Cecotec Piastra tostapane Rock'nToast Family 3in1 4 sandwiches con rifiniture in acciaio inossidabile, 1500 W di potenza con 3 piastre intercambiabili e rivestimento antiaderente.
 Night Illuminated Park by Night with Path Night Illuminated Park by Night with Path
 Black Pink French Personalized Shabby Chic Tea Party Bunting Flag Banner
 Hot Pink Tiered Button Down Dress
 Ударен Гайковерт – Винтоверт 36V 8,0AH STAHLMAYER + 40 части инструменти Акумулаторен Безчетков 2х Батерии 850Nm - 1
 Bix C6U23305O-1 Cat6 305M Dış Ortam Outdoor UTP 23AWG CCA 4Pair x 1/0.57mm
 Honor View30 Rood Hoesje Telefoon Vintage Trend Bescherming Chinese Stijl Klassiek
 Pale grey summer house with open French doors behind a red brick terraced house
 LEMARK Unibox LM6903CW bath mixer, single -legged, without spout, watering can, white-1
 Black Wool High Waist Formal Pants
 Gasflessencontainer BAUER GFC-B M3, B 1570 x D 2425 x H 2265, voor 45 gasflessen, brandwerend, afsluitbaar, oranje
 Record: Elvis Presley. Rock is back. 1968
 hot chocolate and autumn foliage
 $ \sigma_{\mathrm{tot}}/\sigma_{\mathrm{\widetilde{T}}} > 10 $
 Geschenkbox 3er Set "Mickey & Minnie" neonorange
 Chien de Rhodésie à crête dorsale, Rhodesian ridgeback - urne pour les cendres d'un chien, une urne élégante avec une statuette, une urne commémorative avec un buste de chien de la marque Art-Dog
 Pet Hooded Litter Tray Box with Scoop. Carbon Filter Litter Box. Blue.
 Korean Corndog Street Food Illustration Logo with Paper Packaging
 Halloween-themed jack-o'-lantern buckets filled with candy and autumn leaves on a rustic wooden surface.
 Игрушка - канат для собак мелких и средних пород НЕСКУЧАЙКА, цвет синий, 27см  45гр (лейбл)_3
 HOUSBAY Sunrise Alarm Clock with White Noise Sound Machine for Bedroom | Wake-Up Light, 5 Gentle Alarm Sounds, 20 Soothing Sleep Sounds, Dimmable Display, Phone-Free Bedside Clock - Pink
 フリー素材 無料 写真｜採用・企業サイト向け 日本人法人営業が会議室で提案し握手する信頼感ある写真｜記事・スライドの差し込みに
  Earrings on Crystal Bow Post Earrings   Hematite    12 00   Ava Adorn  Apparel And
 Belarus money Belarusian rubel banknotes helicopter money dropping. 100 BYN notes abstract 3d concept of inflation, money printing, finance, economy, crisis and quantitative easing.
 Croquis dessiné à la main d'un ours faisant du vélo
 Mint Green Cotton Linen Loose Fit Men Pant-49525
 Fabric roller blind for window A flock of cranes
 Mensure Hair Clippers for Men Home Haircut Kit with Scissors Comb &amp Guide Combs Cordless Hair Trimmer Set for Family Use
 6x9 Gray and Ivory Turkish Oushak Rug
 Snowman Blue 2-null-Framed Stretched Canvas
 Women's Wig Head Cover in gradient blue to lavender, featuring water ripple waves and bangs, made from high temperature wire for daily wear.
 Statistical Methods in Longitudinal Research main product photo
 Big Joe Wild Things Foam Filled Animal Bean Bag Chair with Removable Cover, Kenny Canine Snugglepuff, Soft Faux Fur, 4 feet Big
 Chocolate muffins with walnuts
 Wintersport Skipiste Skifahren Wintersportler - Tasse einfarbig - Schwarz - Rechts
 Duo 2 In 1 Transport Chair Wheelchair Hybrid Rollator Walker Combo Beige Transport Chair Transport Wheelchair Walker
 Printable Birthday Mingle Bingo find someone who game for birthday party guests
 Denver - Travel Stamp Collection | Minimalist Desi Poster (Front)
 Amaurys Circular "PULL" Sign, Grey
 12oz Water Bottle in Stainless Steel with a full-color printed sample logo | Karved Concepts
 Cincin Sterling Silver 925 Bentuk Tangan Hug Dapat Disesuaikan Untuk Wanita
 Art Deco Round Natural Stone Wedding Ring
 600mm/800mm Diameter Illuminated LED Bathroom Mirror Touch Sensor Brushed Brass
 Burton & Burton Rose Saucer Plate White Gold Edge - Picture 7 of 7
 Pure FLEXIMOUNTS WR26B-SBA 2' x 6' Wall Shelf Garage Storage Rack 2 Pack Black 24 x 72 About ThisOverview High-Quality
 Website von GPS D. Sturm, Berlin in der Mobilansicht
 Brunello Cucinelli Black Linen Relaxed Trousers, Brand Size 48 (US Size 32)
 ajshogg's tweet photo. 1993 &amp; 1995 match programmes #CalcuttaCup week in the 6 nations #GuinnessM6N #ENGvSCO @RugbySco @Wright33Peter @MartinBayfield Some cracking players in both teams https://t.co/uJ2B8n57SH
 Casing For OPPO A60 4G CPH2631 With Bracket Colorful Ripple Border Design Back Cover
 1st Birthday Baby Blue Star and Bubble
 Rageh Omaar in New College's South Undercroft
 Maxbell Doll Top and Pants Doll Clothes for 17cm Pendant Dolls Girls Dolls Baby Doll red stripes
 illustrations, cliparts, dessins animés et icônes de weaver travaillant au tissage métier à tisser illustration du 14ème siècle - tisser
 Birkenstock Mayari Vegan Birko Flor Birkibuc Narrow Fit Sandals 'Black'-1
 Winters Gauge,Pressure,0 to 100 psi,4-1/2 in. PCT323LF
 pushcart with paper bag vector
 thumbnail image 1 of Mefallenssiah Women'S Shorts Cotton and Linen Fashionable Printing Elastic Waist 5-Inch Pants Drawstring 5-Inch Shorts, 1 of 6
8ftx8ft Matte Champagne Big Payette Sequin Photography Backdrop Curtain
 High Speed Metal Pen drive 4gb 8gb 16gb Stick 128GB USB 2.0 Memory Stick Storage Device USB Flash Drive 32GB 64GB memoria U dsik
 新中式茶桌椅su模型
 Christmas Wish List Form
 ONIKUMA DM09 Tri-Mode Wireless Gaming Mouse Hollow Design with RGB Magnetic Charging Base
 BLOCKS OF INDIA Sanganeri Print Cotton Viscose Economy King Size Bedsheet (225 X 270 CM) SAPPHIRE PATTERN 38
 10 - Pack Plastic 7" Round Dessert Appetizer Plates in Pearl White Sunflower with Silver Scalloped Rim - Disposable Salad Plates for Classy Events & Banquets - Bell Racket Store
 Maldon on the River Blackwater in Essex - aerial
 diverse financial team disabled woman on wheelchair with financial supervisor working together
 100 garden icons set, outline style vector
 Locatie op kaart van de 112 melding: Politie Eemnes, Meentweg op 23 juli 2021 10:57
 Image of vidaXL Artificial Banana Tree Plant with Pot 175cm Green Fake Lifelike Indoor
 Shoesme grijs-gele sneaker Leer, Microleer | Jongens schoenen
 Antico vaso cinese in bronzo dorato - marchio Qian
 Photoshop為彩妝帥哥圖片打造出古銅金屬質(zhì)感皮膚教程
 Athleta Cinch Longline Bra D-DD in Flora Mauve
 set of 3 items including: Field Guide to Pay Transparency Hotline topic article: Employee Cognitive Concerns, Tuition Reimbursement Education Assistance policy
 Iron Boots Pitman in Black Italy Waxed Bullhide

---

▶ _Task statement_: Whichever lines of the data include the word "Family", pull them out.

▶ _Output of the task_:
Cecotec Piastra tostapane Rock'nToast Family 3in1 4 sandwiches con rifiniture in acciaio inossidabile, 1500 W di potenza con 3 piastre intercambiabili e rivestimento antiaderente.
 Mensure Hair Clippers for Men Home Haircut Kit with Scissors Comb &amp Guide Combs Cordless Hair Trimmer Set for Family Use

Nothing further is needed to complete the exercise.